Nicolas Pelham in MIL:
Like many students of the Middle East, I am still haunted by Edward Said 41 years after he wrote “Orientalism”. The seminal book argued that Western academics, writers, artists and journalists had been agents of European soft power for over two centuries, constructing an image of the East that was exotic and therefore in need of taming. Orientalists’ art, literature, maps and artefacts reinforced the superior mindset of colonialists and whetted the appetite of Western governments to invade and possess Eastern nations, according to Said. His ideas shook up coverage of the Middle East years before I began working as a journalist in the region, but I wrote racked with guilt.

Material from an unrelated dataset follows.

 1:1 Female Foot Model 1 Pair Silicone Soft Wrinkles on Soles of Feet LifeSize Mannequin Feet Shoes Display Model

On one of my first assignments in Egypt, the British embassy in Cairo flew me with the then British prime minister, John Major, to visit the war cemeteries that Britain tends for soldiers killed fighting in the deserts of El Alamein during the second world war. It was a privilege rarely afforded to a young reporter and they expected a puff piece. I returned with a report about irate locals demanding Britain give up control of a site commemorating battles between two invading European armies on Egyptian soil. I titled it “Egypt for the Egyptians”.

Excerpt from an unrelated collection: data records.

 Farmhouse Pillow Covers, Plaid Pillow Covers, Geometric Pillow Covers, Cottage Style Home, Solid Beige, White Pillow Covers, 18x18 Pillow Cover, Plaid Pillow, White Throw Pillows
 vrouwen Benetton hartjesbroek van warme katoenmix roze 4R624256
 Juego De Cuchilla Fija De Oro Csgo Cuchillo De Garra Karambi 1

Since the publication of “Orientalism” in 1978 many museums and art galleries have hidden away their collections of desert landscapes, desolate ancient ruins and other memorabilia from 19th-century tours of the Orient. A new exhibition at the British Museum attempts to cast off the guilt and shame. Its neutral title – “Inspired by the East: how the Islamic world influenced Western art” – seems to strip art of political baggage. “We’re hoping to move beyond Said,” explains a curator. The exhibition hopes to highlight the quality of Orientalist art, presenting it as a more sincere – and surprising – cultural exchange.
The curators are right that Orientalism is more complex and blurred than Said believed.